By analyzing existing cross correlation between Plains GP Holdings and Torm PLC Class, you can compare the effects of market volatilities on Plains GP and Torm PLC and check how they will diversify away market risk if combined in the same portfolio for a given time horizon. You can also utilize pair trading strategies of matching a long position in Plains GP with a short position of Torm PLC. Check out your portfolio center. Please also check ongoing floating volatility patterns of Plains GP and Torm PLC.

Diversification Opportunities for Plains GP and Torm PLC

0.0
  Correlation Coefficient

Pay attention - limited upside

The 3 months correlation between Plains and Torm is 0.0. Overlapping area represents the amount of risk that can be diversified away by holding Plains GP Holdings and Torm PLC Class in the same portfolio, assuming nothing else is changed. The correlation between historical prices or returns on Torm PLC Class and Plains GP is a relative statistical measure of the degree to which these equity instruments tend to move together. The correlation coefficient measures the extent to which returns on Plains GP Holdings are associated (or correlated) with Torm PLC. Values of the correlation coefficient range from -1 to +1, where. The correlation of zero (0) is possible when the price movement of Torm PLC Class has no effect on the direction of Plains GP i.e., Plains GP and Torm PLC go up and down completely randomly.
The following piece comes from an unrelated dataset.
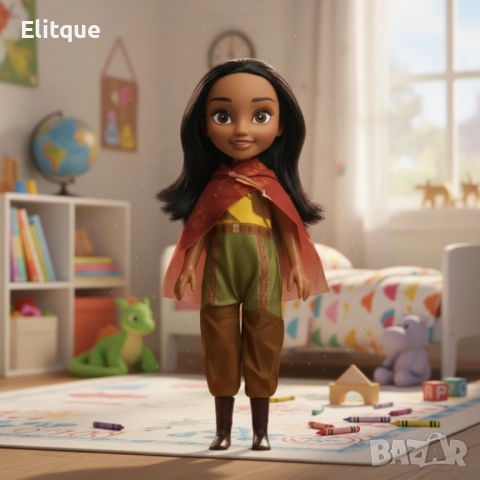 Кукла Рая със шапка и музика – Коледен подарък, който носи радост и магия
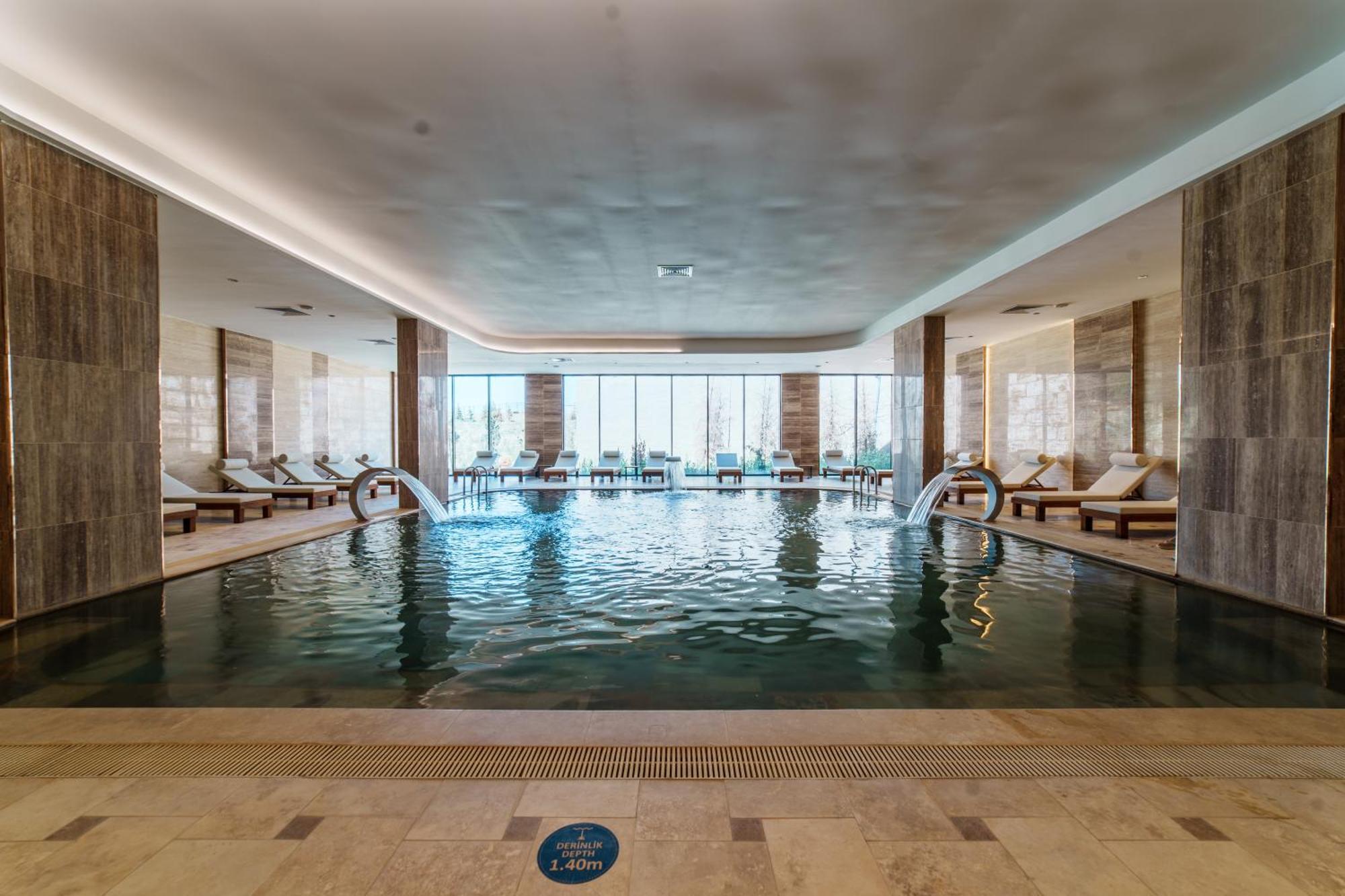 Anadolu Hotels Esenboga Thermal Luaran gambar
Pair Corralation between Plains GP and Torm PLC

Given the investment horizon of 90 days Plains GP Holdings is expected to generate 0.56 times more return on investment than Torm PLC. However, Plains GP Holdings is 1.79 times less risky than Torm PLC. It trades about 0.1 of its potential returns per unit of risk. Torm PLC Class is currently generating about -0.28 per unit of risk. If you would invest  1,854  in Plains GP Holdings on September 2, 2024 and sell it today you would earn a total of  148.00  from holding Plains GP Holdings or generate 7.98% return on investment over 90 days.
Time Period3 Months [change]
DirectionFlat 
StrengthInsignificant
Accuracy100.0%
ValuesDaily Returns

Plains GP Holdings  vs.  Torm PLC Class

 Performance 
       Timeline  
Plains GP Holdings 

Risk-Adjusted Performance

7 of 100

 
Weak
 
Strong
OK
Compared to the overall equity markets, risk-adjusted returns on investments in Plains GP Holdings are ranked lower than 7 (%) of all global equities and portfolios over the last 90 days. Even with relatively weak technical and fundamental indicators, Plains GP may actually be approaching a critical reversion point that can send shares even higher in January 2025.
Torm PLC Class 

Risk-Adjusted Performance

0 of 100

 
Weak
 
Strong
Very Weak
Over the last 90 days Torm PLC Class has generated negative risk-adjusted returns adding no value to investors with long positions. In spite of weak performance in the last few months, the Stock's primary indicators remain rather sound which may send shares a bit higher in January 2025. The latest tumult may also be a sign of longer-term up-swing for the firm shareholders.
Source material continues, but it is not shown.